UK headline inflation reaccelerated to 3% y/y in January, up from 2.5% in December. Though that is higher than expected, the details do not seem too bad. Admittedly, the main upward contributors to January CPI inflation were the strength in food prices, airfares and education, which might have little impact on the MPC’s decision-making right now. Still, the headline CPI is likely to oscillate around 3% for much of this year and peak at 3.5% later this year, mainly due to the increase in energy bills which are set to start again in April.

For the BoE, the most important indicator is probably services inflation which reflect domestic pressures, and this is where the data shows improvement. Clearly, services CPI rebounded up to 5.0% from 4.4%%, but that was lower than the BoE expected (5.2%) and mainly driven by larger-than-expected rise in airfares inflation. Christmas price hikes were not properly accounted in December airfares data.

Pay growth in private sector stood at 6.2% y/y, although the labor market has increasingly weakened. For now, that is enough to keep the BoE tied to their gradual approach for the first half of the year. However, as downside growth risks will gradually outweigh inflation worries, we expect rate cuts to accelerate later this year such that the Bank Rate reaches 3.5% by year-end.

Japan: Two More Hikes This Year

Inflation is increasingly becoming a major problem in Japan. We recently highlighted that its CPI inflation exceeded that of the US in 8 of the last 9 months. This week’s data took it to 9 out of 10 months. Furthermore, on a six month annualized basis, Japan’s headline CPI remained higher than peers (Figure 2, page 4). Headline CPI jumped 0.5% m/m in January, taking the annual rate to 4.0% y/y, a 2-year high.
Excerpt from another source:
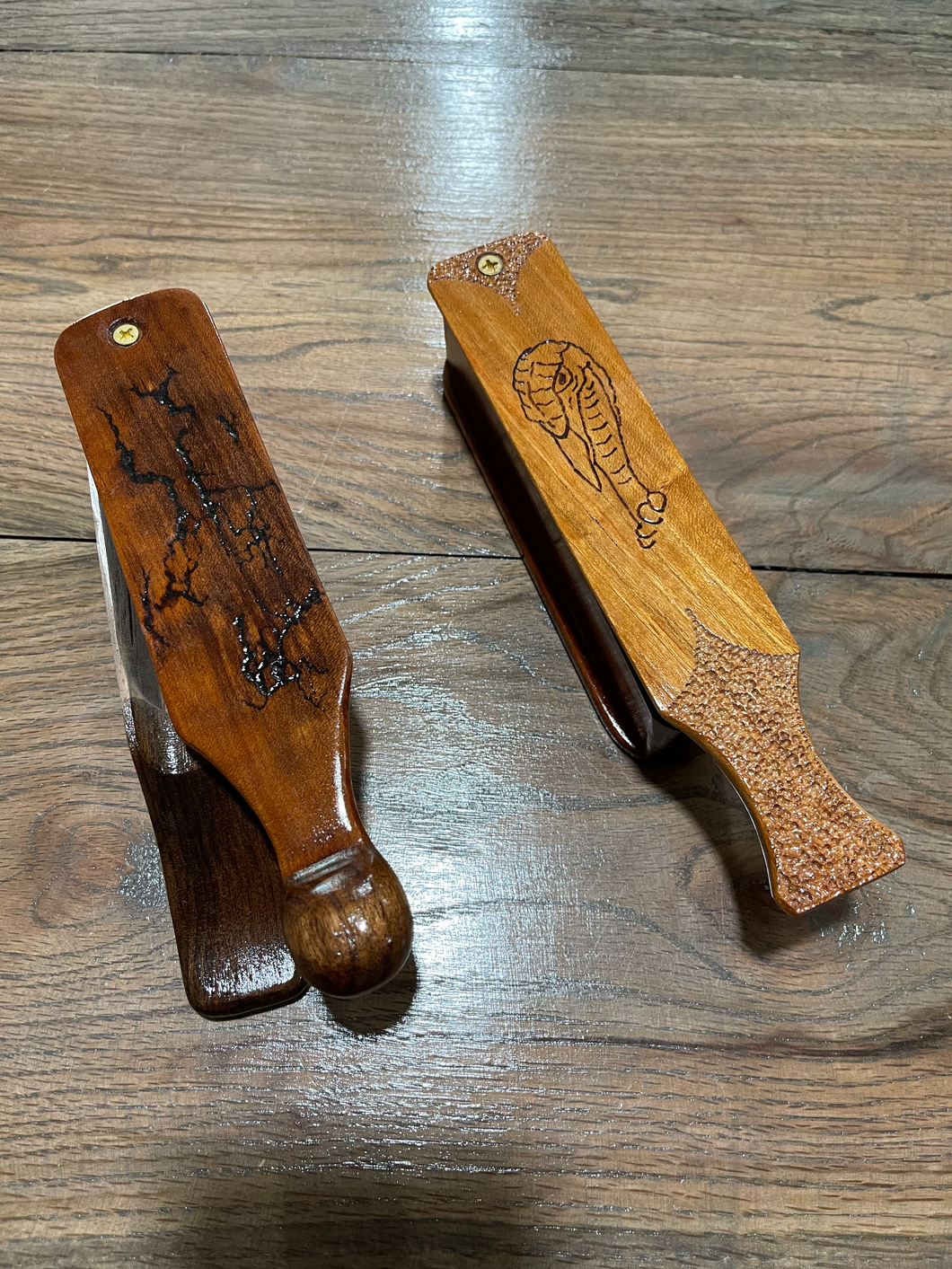 Turkey Calls (Handmade) For Hunting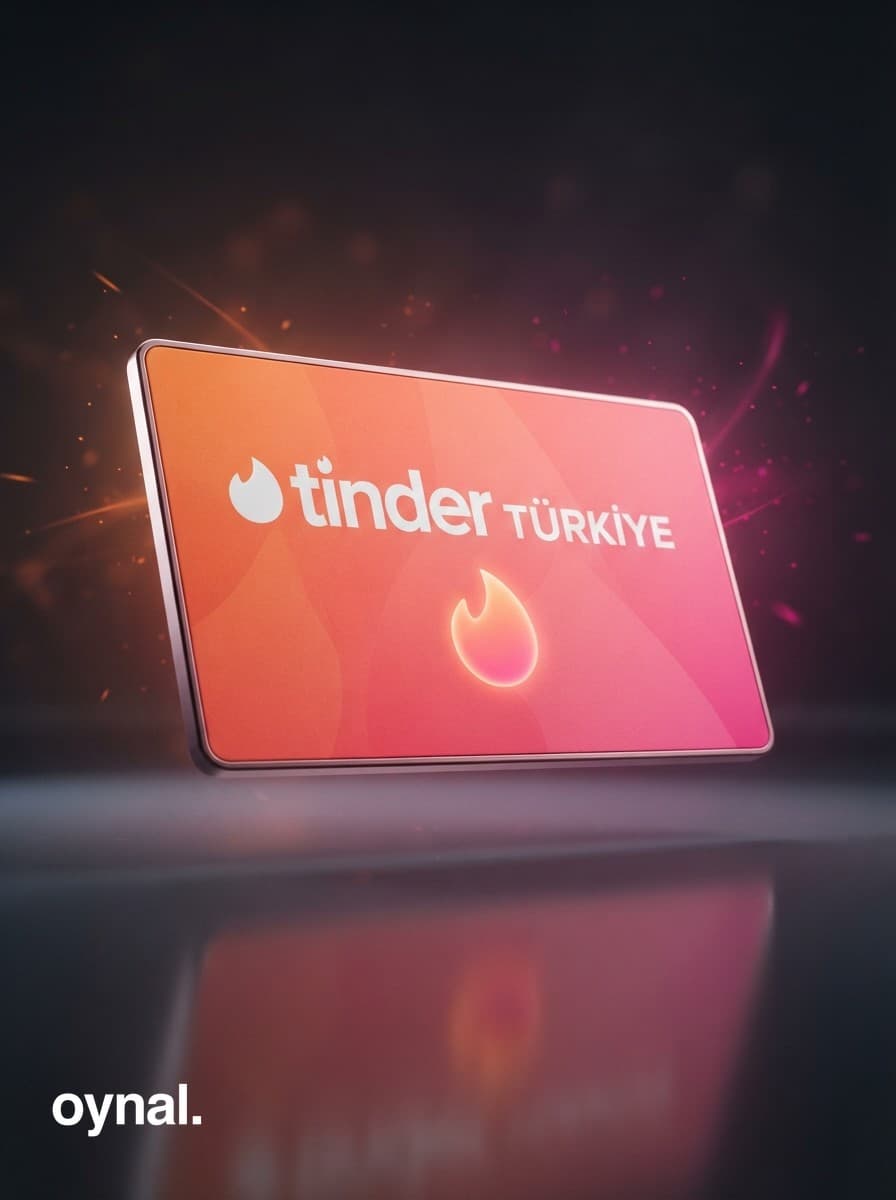 Tinder TR Plus 6 Month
All core metrics also rose notably.

While such high inflation would easily bring a rate hike anywhere else, the Bank of Japan (BoJ) may not act imminently, as a busy political calendar may prevent a hike in either March or May. However, not hiking beyond that may lead to runaway inflation. For these reasons, we now think the policy rate may be hiked twice this year, likely in June and December (with the usual caveat for a December move to come in January). Nonetheless, we favor a hike sooner.

At the same time, we are also cautious that the global easing cycle has reached an advanced stage, which means the policy rate differential between Japan and the US may dip and cause an appreciation of the yen. Although USDJPY is currently at a comfortable level of 150, the 10y JGB yield has risen to 1.46%, prompting a verbal intervention by Governor Ueda, who said the BoJ could make emergency purchases to control this rise, which led to the yield dropping to 1.42% later. This is another reason why policy rates may not rise imminently. Still, we think two more hikes are perhaps necessary to ease inflation.

Food was the primary driver of high inflation, up 7.8% y/y. There were eye-watering surges in categories such as cabbage (192.5%), Chinese cabbage (109.9%), broccoli (83.4%), and rice (the most important of the lot, 70.9%). This strong inflation is a result of tight labor supply and harsh weather, with the government releasing 210,000 metric tons from its emergency stockpiles. Furthermore, the density distribution in the inflation basket has risen, with items representing a growing share of the basket experiencing inflation in the 3-5% range versus 0-1%. This is the primary reason why we favor a sooner than expected hike.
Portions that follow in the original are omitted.